The project ushered in innovative models of public private partnership for HIV treatment and care, and catalysed implementation of pre-service pilot training on chronic care based on WHO’s Integrated Management of Adult and Adolescent Illness Model (IMAI).
Samastha, which ran from 2006-2011, was funded by the United States Agency for International Development (USAID). KHPT and University of Manitoba, Canada implemented the programme with technical inputs from Engender Health and Populations Services International.
KHPT also collaborated with the Karnataka State AIDS Prevention Society and the Andhra Pradesh State AIDS Control Society and National AIDS Control Organisation.
In this capacity building project, implemented from 2009 to 2010, KHPT assisted the Karnataka State AIDS Prevention Society in building perspectives among the stakeholders of District AIDS Prevention and Control Units (DAPCUs) .
Sensitization trainings were conducted for public and private stakeholders to facilitate an enabling environment for the functioning of DAPCUs in 26 ‘A’ category districts.
The project was assigned by National AIDS Control Society (NACO) to Avahan, which in turn assigned it to KHPT through the Public Health Foundation of India.
NACP-III recognises counseling as crucial to enabling behaviour change among High Risk Groups (HRGs) in the Targeted Interventions (TI) programmes.
This project aimed at building capacities of the ANM/counsellors to provide counseling services and promote the uptake of Sexually Transmitted Infection services, Antiretroviral Therapy and Integrated Counselling and Testing Centres.
NACO streamlined the counselling training component with technical assistance from KHPT, Public Health Foundation of India (PHFI) and various experts prepared the ANM/Counselling module for counsellors working in TIs.

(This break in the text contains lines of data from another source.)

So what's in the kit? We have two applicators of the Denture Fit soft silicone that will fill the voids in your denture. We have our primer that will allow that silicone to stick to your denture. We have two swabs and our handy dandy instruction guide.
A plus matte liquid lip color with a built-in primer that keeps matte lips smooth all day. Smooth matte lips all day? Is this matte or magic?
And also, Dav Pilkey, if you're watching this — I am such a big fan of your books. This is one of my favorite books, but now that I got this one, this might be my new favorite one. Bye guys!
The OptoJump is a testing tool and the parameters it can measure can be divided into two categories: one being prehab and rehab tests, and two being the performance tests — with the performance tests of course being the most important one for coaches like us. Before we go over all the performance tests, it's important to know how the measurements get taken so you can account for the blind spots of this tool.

The project was funded by PHFI. KHPT provided technical assistance from 2010 to 2011.
KHPT implemented a community/foster care model to care for children affected or infected by HIV/AIDS in Belgaum and Dharwad districts in Karnataka.
Sixty orphans and 20 women were given psycho-social and education support and livelihood options. Women were trained as foster caregivers. Funded by the Deshpande Foundation, the project was implemented from 2009 to 2010.

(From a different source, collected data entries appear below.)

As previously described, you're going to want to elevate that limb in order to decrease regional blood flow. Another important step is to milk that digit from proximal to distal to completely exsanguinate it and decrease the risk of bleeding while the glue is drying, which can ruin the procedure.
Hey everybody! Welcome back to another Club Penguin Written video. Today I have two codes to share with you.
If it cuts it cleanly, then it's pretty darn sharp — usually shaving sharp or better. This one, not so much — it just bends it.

Funded by Global Fund for AIDS, Tuberculosis and Malaria (GFATM), Round Six, India, this project aimed at expanding the coverage of and access to services for people living with HIV. It aimed to mainstream HIV/AIDS care into identified private and faith based health facilities.
The project established a system for programme management, regular monitoring, supportive supervision and quality improvement.
It built capacities of the personnel in the identified community care centres with requisite knowledge and skills to deliver quality care to people living with HIV without stigma or discrimination.
KHPT implemented the project, from 2007 to 2010, in partnership with the Catholic Health Association of India (CHAI) in Maharashtra and St. John’s Medical College and Hospital in Karnataka.